By Curtis Sittenfeld, 2020, Random House, 417 pages
Reviewed by Janet Cleaveland, Aug. 14, 2020
What if?
That’s the premise of Curtis Sittenfeld’s novel “Rodham,” the story of Hillary Rodham’s path to the presidency if she had dumped Bill Clinton and gotten the hell out of Arkansas instead of marrying him. “What if” is a question worth asking, but the answer, according to Sittenfeld’s narrative, didn’t always sit right with me.
“Rodham” is fiction, and I had to keep reminding myself of that as the author drew on actual events from Hillary Rodham Clinton’s life. The novel opens with the pivotal, gutsy and shining moment when as the student speaker at her 1969 Wellesley graduation young Rodham went rogue from prepared remarks. Her speech followed Massachusetts Sen. Edward Brooke’s address in which he had not “explicitly mentioned recent protests or assassinations, civil rights or Vietnam,” Rodham concluded. … “I knew I needed to start [my speech] with a rebuttal, a generational rebuttal, to the senator’s evasiveness.”
The “Rodham” narrative next shifts to Yale Law School, her relationship with Bill Clinton and her stint at the University of Arkansas Law School when she was his girlfriend.
I thought I was in for a treat. Sittenfeld is a prolific writer whose work includes the well-received “American Wife,” published in 2008, with a thinly disguised Laura Bush as the main character.

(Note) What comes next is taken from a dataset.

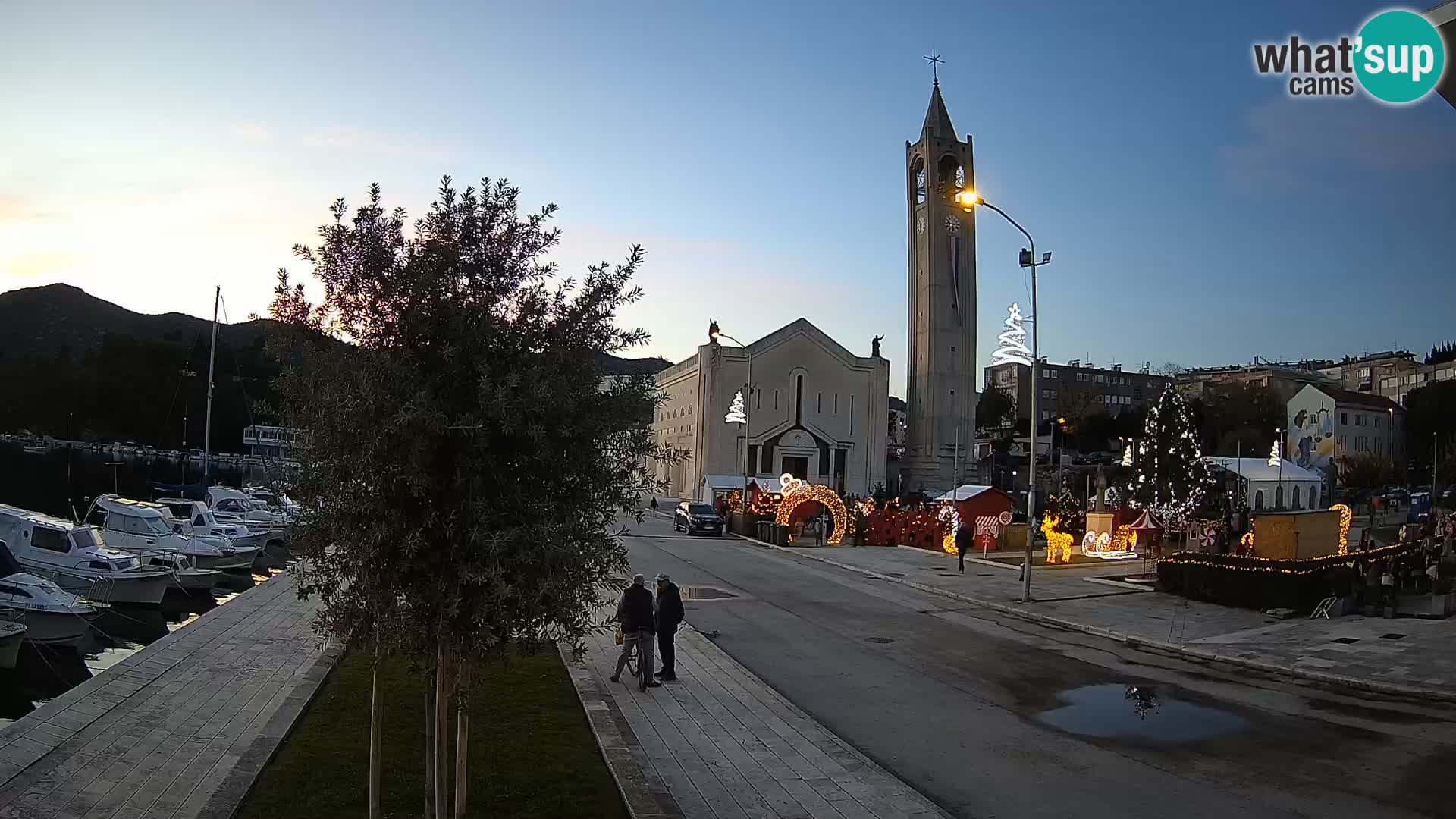 Ploče Webcam | Captivating Views of Riva and the Cathedral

Let me destroy any suspense about my opinion: I detested the book with its piled on, sophomoric, obligatory sex scenes. I’ll spare you details of Bill’s technique and her response. But then the first third of the novel is Bill Clinton’s story, too, and we all know about his extracurricular activities. While I laughed at the idea of a naked Bill Clinton playing the sax for Rodham, other sex scenes seemed overdone, poorly conceived and, frankly, unnecessary.
Hillary Rodham’s gut eventually tells her that Bill is a “serial sexual predator,” and she bails, heading out of Arkansas for Chicago.
“The margin between staying and leaving was so thin, really, it could have gone either way,” Rodham tells herself.
Scroll forward to her life as a brilliant, accomplished woman who becomes a law professor at Northwestern University and a senator from Illinois. Bill turns into a Silicon Valley billionaire with two failed marriages. He practices yoga, takes up gourmet cooking and is a vegan. Score one for karma.
But score one for Rodham, prompted by Clinton crushing her anticipation of sex during a 2005 dinner invitation at his Nob Hill penthouse in San Francisco.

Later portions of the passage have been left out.